Мы будем и слышать, и видеть того, кого нет с нами, и останется для нас только одна тоска — тоска о касании.
— Ты здесь?
— Здесь! — говорит знакомый голос и улыбается знакомое лицо.
— Дай мне твою руку!
— Нет, милый друг, это — единственное, чего, пожалуй, никогда не будет.
«…а ночью, когда мгновенный сон смежит мои усталые очи, я вижу только тебя, и громкие рыдания потрясают мой организм»
Супруги Шариковы поссорились из-за актрисы Крутомирской, которая была так глупа, что даже не умела отличать женского голоса от мужского, и однажды, позвонив к Шарикову по телефону, закричала прямо в ухо подошедшей на звонок супруге его:
– Дорогой Гамлет! Ваши ласки горят в моем организме бесконечным числом огней!
– А я в прошлом году спросила у дантиста, долго ли его пломба продержится, – заволновалась барышня, – а он говорит: «Лет пять, да нам ведь и не нужно, чтобы зубы нас переживали». Я говорю: «Неужели же я через пять лет умру?» Удивилась ужасно. А он надулся: «Этот вопрос не имеет прямого отношения к моей специальности».
— А слышали последние новости? Говорят, Бахмач взят!
— Кем?
— Неизвестно!
— А у кого?
— Тоже неизвестно. Ужас!
— Да откуда же вы это узнали?
— Из радио. Нас обслуживают три радио: советское «Соврадио», украинское «Украдио» и наше собственное первое европейское — «Переврадио».

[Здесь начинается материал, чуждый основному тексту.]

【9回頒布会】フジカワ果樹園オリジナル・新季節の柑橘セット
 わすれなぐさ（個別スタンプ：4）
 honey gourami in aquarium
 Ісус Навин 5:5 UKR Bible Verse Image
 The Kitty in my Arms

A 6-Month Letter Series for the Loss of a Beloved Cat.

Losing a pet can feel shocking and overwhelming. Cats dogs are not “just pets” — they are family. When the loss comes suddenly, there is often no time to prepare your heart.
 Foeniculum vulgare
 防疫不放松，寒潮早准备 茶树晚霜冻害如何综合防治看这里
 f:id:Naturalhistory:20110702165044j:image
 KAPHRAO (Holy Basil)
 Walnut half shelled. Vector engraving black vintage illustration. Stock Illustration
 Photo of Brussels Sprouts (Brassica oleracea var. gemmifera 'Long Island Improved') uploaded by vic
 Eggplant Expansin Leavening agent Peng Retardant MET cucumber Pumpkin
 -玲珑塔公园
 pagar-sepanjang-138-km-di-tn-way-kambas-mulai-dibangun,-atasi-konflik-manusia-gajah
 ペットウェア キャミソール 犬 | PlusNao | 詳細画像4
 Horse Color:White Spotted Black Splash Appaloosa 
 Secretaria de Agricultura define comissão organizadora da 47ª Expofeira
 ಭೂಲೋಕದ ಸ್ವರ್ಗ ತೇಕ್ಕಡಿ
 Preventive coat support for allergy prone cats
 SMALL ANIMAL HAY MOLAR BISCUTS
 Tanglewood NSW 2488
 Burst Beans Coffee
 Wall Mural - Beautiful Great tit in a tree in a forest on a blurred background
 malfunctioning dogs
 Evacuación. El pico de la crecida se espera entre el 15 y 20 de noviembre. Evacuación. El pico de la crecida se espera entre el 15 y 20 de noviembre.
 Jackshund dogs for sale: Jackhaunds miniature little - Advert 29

Первая семья, в которой он жил, состояла из жены, с которой он не жил, и дочки Линочки, девицы молодой, но многообещающей и уже раза два свои обещания сдерживавшей, – но это к нашему рассказу не относится.
— Простите, господа, но мы не должны забывать, что вечер должен носить идейный характер, что он устраивается в пользу нуждающихся.
— Ну, знаете ли, благотворительные вечера никогда в пользу богатых и не устраиваются, и это не мешает им быть веселыми.
— Н-не знаю-с. Лично для себя считаю неудобным веселиться, когда люди страдают.
— Тогда надо было устраивать не бал с концертом, а уж не знаю что. Сечь их всех, что ли.
Да не надо мне ваших денег, я с русских не беру, а с болванов в особенности. И не пойте на морозе! Эй! Вы там! Не свалитесь с лестницы! Куда вы лупите-то! Я ведь вас не бью!